Juana Williams is a curator and art historian from Detroit, MI. Williams is the Exhibitions Curator at the Urban Institute for Contemporary Art in Grand Rapids, MI, as well as the former Assistant to the Chair of Art History at Wayne State University.
What are the social and political responsibilities of a curator? Are they universal across time and space or temporal/site-specific?
Curatorial work is very subjective. There are some responsibilities that I would argue are universal but generally speaking it depends on the goals of the curator. In my own work as a contemporary art curator, I try to focus on presenting important information regarding current cultural events and connections to history. Art history is an inherently interdisciplinary subject that spans time and space but individual curators choose focuses that are particularly relevant based on a plethora of elements. I consider the responsibility of telling stories that are true, relevant, and significant, while considering the audience the exhibitions and programming are being presented to. I also place a substantial amount of importance on creating space for and promoting diverse voices and ideas.
Does your approach to curating change at all as you work in a city that you may not necessarily identify with as “‘your own”?
Absolutely! I have no desire to come into a new city and try to tell their story or dictate what information would be beneficial to them. I’ve been making a conscious effort to dive deeply into the community of Grand Rapids, as well as West Michigan. The culture here is drastically different than that of Detroit. Grand Rapids has an interested history, which has significantly informed the cultural aspect of the city today. I plan exhibitions and programming with that in mind. Being a native Detroiter, I felt I had a finger on the pulse of the city. Overtime, I formed relationships within and outside of the arts community. I’m working on forming similar relationships in Grand Rapids, yet the connectedness I feel to Detroit, I could never feel in another city. That connection feels innate; in Grand Rapids, I have to work for it. Overall, it’s important to curate from the understanding of my position as a transplant and to be inclusive of the Grand Rapids community.

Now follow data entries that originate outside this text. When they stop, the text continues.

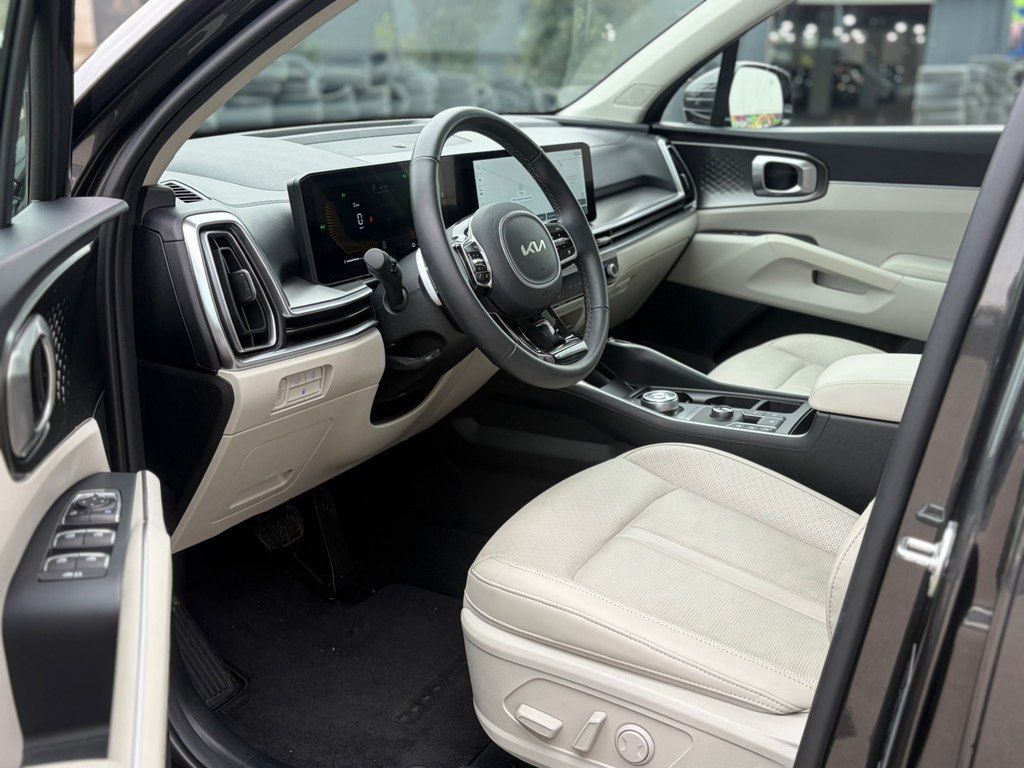 Kia Sorento, 1.6 L, 14 kWh, 2024 il, 950 km — Avtomobillər, Bakı (9)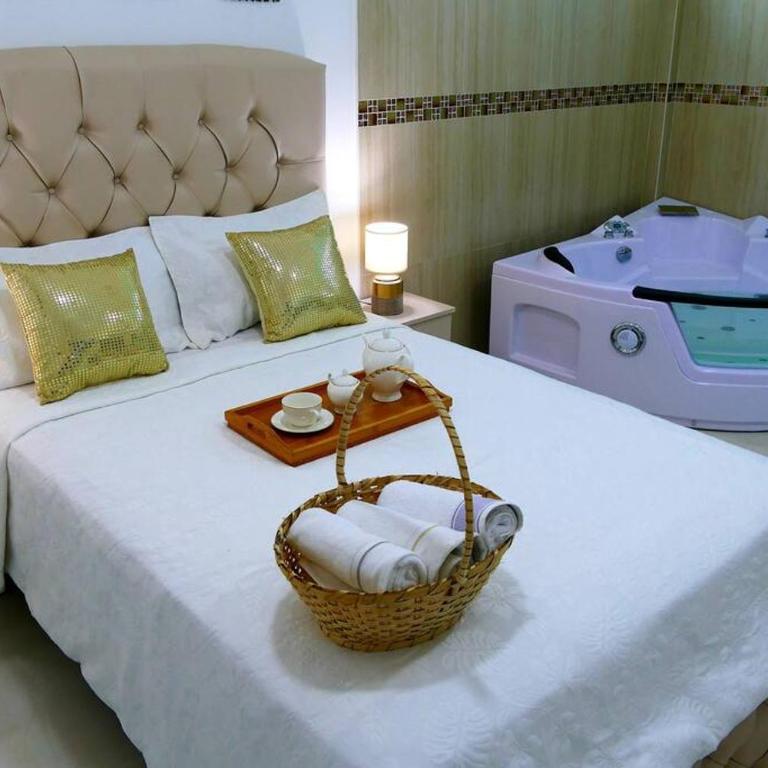 Habitacion 2A Hydro Jacuzzi Altamar Playas - Apartamento de 1 dormitorio - 20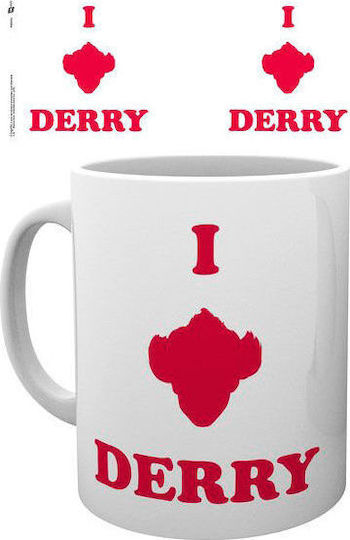 GB eye It Chapter 2 Derry Mug Mug Ceramic 300ml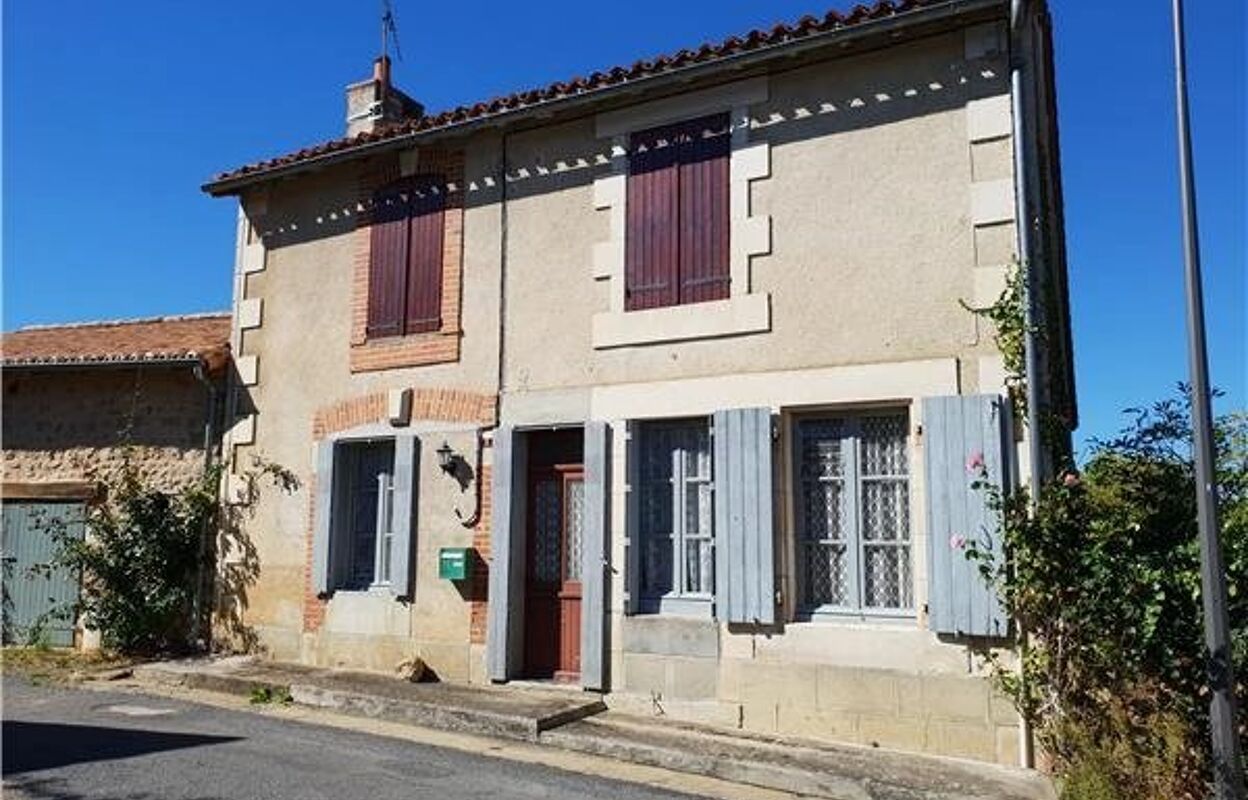 maison 7 pièces 70 m2 à Plaisance (86500)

What are some strategies you believe art institutions can take to become more accessible to the public?
There are literal physical barriers and invisible barriers. Of course, making the space physically accessible is the most obvious barrier. There are also issues such as barriers in ways we communicate via text. Providing text in multiple languages and braille can help to alleviate some of those issues. Free or discounted admission is another example of providing tangible ways that make institutions more accessible.
What’s particularly interesting to me are the invisible barriers. Historically art institutions have not been inclusive or inviting to minority communities, for example. The art-historical narrative that has traditionally been presented has almost exclusively been dominated by white, upper middle class men. Presenting more inclusive narratives either through the lens of art historians or through the artwork of artists focusing on the voices of underrepresented minorities is a vessel of accessibility. There are multiple avenues through which these goals can be somewhat achieved. Giving opportunities to artists of underrepresented groups, taking heed of innovative art critics, and diversifying leadership positions are some ways of shifting the narrative to a more inclusive one.
Community engagement is also a drastically important strategy, especially in small communities. In small and mid-sized cities where there are stark divisions between different races, as well as differing socio-economic classes, it’s important to engage with the community in genuine ways and continuously make the effort to promote an institution as inclusive and accessible, to deplete the stigma that sometimes shrouds spaces that are seemingly exclusive and elitist.
Art history is both a field of study- the history of art- but also a discipline in which history at a broader level is analyzed via art objects. In your opinion, does the discipline of art history offer a particular perspective that may not be found in other historical methodologies?
The discipline of art history gives a unique perspective of history because of the power of visuality. Visual art, in particular, has played many roles in dictating and documenting history. For example, studying the architecture of medieval churches and frescoes provides crucial information about medieval Rome that is not always understood through other means. The addition of visual aspects also complements historical text with information that is not perceived otherwise.
With the history of museum collections being rooted in colonial conquest and the taxonomical and hierarchical classification of cultures, do you believe it is possible to decolonize museum spaces? If so what do you believe are effective strategies for this?
There are definitely ways to work toward decolonization but the complex nature of the art industry, especially from a financial standpoint, makes it a complicated task. Individual institutions can make efforts toward decolonizing museums by adjusting the voices that are presented and the ways in which they are promoted. However, museum are part of a larger system that is dominated by wealth and steered by the prevailing narrative based in a Eurocentric framework. The narrative needs to be altered to be more inclusive of voices that have been ignored. Placing people from underrepresented groups in positions of leadership, as well as providing opportunities for minorities to gain access to knowledge, paid internships, and mentorships are other ways of working toward decolonization.
Do you believe art institutions can serve as models for institutions on a broader level? What do you believe are the social and political responsibilities of art institutions?
At present, not necessarily. Art institutions should be reflective of society, educational, inclusive, and accessible to all. Art institutions also need someone in place that understands historical content and how to relevantly place it in contemporary culture. They need to be dynamic, continuously changing to represent the ever-changing realities. These characteristics are not always reflected in art institutions.